傻柱冲回家中,将西装皮鞋翻出穿上,又对着镜子,反复捯饬发型,直至整个人看上去精神矍铄、容光焕发。
昨天不由分说,就将贾张氏痛扁了两顿,于情于理似乎都说不过去。
刚才出门一探,众人空前团结地站在了贾张氏一方。
古有诸葛孔明舌战群儒,今有我傻柱舌战群禽!
这一战,事关名声和今后在四合院的地位,不能不引起重视。
但就目前的形势来看,对他极为不利。
俗话说:“人靠衣装马靠鞍。”
与人辩论之前,形象这一块,必须拿捏得死死的,至少能让自已在气势上不会输。
他趁机回到屋中,收拾好仪态,整理好思路,随后才胸有成竹地走入会场。
一看到傻柱出门,易中海就介绍起了开场白。
“各位街坊邻居,昨晚咱们院里发生了一件让人匪夷所思又火冒三丈的事情。”
这易中海还没说具体事情,就把基调奠定了,引导群众朝自已的想法上靠,简直把群众大会当成了自已的“一言堂”。
阎埠贵打断了他:“一大爷,这事情咱们先不急着定性,不妨听一听双方当事人怎么说。”
“我一大爷讲话,哪轮得到你三大爷插嘴,还有没有规矩!”
易中海怒目圆睁,死死盯着阎埠贵。
后者语塞,低头继续嗑着瓜子。
易中海继续说道:“想必事情大家已经知道了。这傻柱没有任何理由,就把秦家一老一少胖揍了一顿!”

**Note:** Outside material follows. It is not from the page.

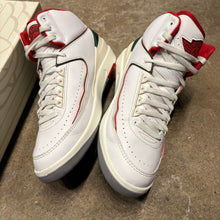 Load image into Gallery viewer, Jordan Origins 2s Size 10.5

“大家看,她们脸上的淤青,现在都还在。可见这傻柱下手有多狠!”
众人纷纷朝秦淮茹一家看过去。
她们的眼泪跟不要钱似的,哗啦啦就顺着脸颊淌了下来。
“自从这个四合院建起来那天起,还从没有发生过如此恶劣的事情!”
“今天把大家叫过来,就是要当众惩罚傻柱这个破坏邻里团结的莽夫!”
易中海的讲话慷慨激昂,霎时,带领着众人,将所有矛头直指傻柱。
刘光天问许大茂:“许哥,这事你怎么看?”
徐大茂捉摸着自已的小胡子,阴笑道:
“这傻柱嘴笨得跟秤砣似的,怎么跟这群伶牙俐齿的人争辩?今天肯定要栽在这里。”
大家都在等着看傻柱的好戏。
傻柱站起身,看着四周的群众,不卑不亢地说道:
“咱们国家有句老话,叫这个‘远亲不如近邻,近邻不如对门’,秦淮茹家就在我们家侧边,这可谓是近邻中的近邻了。”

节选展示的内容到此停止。